On peut lire dans la presse économique :

Nous assistons, depuis maintenant deux mois, à une véritable guerre que la finance internationale a déclaré aux "maillons faibles" de la zone euro. Si elle ne fait pas de morts, les batailllons de chômeurs que cela va laisser en Grèce, Espagne, Portugal, voire même en Italie, aggrave la crise économique que ces pays traversent. Pourtant, les tonnes de dollars engendrés par cette spéculation ne serviront qu’à enrichir quelques poignées de privilégiés, alors qu’ils mettent à mal des Etats entiers.

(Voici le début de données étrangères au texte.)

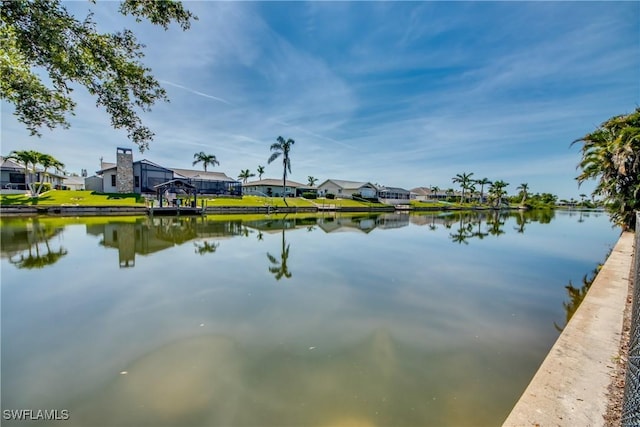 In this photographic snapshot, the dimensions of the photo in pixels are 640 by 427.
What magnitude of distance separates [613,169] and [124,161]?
4578cm

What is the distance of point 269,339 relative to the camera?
4.71 metres

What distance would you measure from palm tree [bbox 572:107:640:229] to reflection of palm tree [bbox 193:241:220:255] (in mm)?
20313

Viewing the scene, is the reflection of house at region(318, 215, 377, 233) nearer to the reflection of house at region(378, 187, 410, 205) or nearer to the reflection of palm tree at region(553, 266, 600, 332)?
the reflection of palm tree at region(553, 266, 600, 332)

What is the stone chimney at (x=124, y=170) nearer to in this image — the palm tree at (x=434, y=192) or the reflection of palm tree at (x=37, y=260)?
the reflection of palm tree at (x=37, y=260)

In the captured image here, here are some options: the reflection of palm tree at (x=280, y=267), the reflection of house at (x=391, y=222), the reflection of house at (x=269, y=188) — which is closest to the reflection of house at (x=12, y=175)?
the reflection of house at (x=269, y=188)

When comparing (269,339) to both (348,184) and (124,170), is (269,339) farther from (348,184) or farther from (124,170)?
(348,184)

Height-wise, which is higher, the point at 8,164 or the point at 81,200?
the point at 8,164

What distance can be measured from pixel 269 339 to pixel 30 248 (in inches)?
489

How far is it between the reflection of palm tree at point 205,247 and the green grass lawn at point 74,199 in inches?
850

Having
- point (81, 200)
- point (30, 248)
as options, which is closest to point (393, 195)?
point (81, 200)

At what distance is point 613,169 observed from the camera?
15766 mm

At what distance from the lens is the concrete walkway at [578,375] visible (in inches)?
107

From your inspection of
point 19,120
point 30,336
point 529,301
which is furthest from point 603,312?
point 19,120

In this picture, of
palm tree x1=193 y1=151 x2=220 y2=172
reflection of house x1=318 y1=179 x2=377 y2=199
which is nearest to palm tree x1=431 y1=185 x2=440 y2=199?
reflection of house x1=318 y1=179 x2=377 y2=199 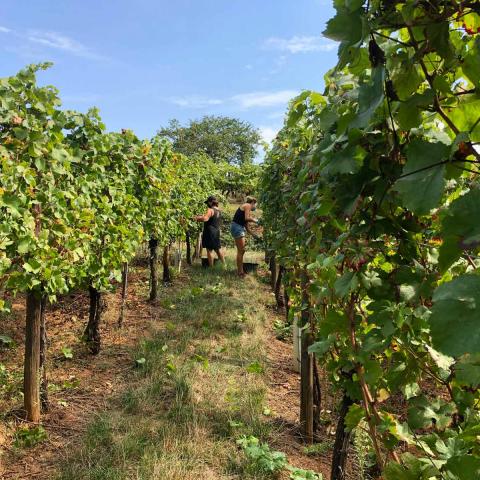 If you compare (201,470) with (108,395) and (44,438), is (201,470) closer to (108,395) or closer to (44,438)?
(44,438)

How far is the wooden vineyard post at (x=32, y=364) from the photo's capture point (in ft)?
11.3

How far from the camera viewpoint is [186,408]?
11.8 ft

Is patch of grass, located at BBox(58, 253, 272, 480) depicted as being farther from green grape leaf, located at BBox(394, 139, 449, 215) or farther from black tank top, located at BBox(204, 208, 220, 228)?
black tank top, located at BBox(204, 208, 220, 228)

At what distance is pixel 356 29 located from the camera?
68 centimetres

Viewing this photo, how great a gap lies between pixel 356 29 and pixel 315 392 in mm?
3571

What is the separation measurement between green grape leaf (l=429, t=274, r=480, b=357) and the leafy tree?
45330mm

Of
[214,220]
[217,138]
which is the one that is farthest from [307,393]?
[217,138]

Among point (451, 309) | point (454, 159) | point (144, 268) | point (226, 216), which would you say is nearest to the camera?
point (451, 309)

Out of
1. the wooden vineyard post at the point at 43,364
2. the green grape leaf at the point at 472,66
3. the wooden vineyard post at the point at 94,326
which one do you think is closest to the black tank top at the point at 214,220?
the wooden vineyard post at the point at 94,326

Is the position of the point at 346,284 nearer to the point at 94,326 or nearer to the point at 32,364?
the point at 32,364

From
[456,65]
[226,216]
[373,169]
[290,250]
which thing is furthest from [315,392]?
[226,216]

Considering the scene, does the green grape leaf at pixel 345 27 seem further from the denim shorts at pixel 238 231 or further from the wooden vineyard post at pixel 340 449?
the denim shorts at pixel 238 231

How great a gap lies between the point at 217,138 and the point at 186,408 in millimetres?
44518

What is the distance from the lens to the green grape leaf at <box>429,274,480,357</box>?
0.47 meters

Depuis le mois de décembre, les grandes banques d’investissement ont décidé que les pays de la zone euro étaient les maillons faibles du système économique mondial. Ils s’en donnent à coeur joie, depuis.

Comment cela a-t-il commencé ?

La Chine a fait savoir aux Etats-Unis qu’elle ne voulait plus voir le dollar glisser sous un certain seuil. En arrêtant d’acheter des bons du Trésor (la dette américaine) à long terme, et privilégiant le court terme (12 mois), elle tient l’économie US par les c... (vous aurez compris).

Quel lien avec l’euro ?

L’euro n’a cessé de se renforcer face au dollar en 2009. En cause, une économie américaine aux abois, où la banque centrale prêtait de l’argent aux banques gratuitement, afin qu’elles se refassent, suite aux conneries durant la belle époque des suprime. Mais la zone euro connaît une crise aigue, avec une chômage qui ne cesse de s’aggraver, des déficits publics qui explosent.

L’attaque de l’euro est-elle logique, dans ces conditions ?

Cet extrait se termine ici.